President Buhari has lodged war against corruption from his first day into office and the EFCC under Acting Chairman Ibrahim Magu has arraigned scores of alleged looters of the states and Nigeria. But the first courts of adjudications have been unable to convict, discharge or acquit any suspect nearly two years after.

At a workshop for senior judicial officials in Abuja weeks back, President Buhari almost broke down into tears, explaining how the judiciary is frustrating his anti-graft war. But some Nigerians prefer to blame him, instead of the judiciary for failing to secure the conviction of alleged looters.

These are signs of an infested system and when the DSS’s sting operation also affects two Justices of the apex court in the land, the magnitude of the problem is better imagined. Those crying foul and calling President Buhari a fascist and a dictator like the opposition PDP, which has a blurred idea about the concept of separation of powers should note that the sting operation by the DSS on the suspected judges in not peculiar to Nigeria.

Far more advanced democracies like the USA also subject corrupt judicial officers or those suspected to have abused ethical codes to such secret surveillance and arrest of fraudulent judges as it happened in 2010 to a Senior U.S. District Judge, Jack T. Camp whom the FBI arrested and charged to court for drugs and firearms offences.

The Justice system of the neighbouring Ghana was such cesspit filth. But Ghanaians supported the sanitization of the system under Ghana’s Chief Justice, Georgina Theodora Wood, as over 20 judges were flushed out.
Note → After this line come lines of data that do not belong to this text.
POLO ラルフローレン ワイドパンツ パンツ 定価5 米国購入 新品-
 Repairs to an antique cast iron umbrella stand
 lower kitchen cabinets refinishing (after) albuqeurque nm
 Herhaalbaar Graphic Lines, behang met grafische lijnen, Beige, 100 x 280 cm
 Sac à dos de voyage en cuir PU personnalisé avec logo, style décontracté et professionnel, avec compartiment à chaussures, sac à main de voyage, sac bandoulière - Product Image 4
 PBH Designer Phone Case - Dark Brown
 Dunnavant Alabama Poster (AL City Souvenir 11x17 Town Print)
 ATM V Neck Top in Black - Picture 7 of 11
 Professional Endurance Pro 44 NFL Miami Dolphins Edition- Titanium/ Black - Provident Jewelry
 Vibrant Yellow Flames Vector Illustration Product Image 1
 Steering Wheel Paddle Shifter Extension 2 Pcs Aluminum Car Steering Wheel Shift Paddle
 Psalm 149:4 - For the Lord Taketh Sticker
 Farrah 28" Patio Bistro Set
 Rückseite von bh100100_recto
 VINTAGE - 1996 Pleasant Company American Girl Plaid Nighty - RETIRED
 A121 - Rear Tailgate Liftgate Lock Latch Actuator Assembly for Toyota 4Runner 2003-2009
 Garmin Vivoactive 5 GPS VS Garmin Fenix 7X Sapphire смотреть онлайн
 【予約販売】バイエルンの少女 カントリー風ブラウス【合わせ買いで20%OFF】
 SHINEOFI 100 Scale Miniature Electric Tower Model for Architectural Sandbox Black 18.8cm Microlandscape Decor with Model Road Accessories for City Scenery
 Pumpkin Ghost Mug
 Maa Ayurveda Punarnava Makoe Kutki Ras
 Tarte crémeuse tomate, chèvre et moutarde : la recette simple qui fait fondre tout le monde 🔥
It is time Nigerians demonstrate that the conscience of a nation is in her people. The bandwagon effect which significantly blurs the sense of dispassionate judgment is injurious to national progress.

Even in churches, before the hallowed presence of God, people steal and some Nigerians would still remember how the expensive sandals of the then Military President, Ibrahim Babangida was stolen at the Central mosque in Abuja, during a Friday Ja’amat prayers. So, in the temple of justice too, there are bound to be deviants and let the law takes its course. Let the judges prove their innocence in court.

Okanga writes from Agila Benue State.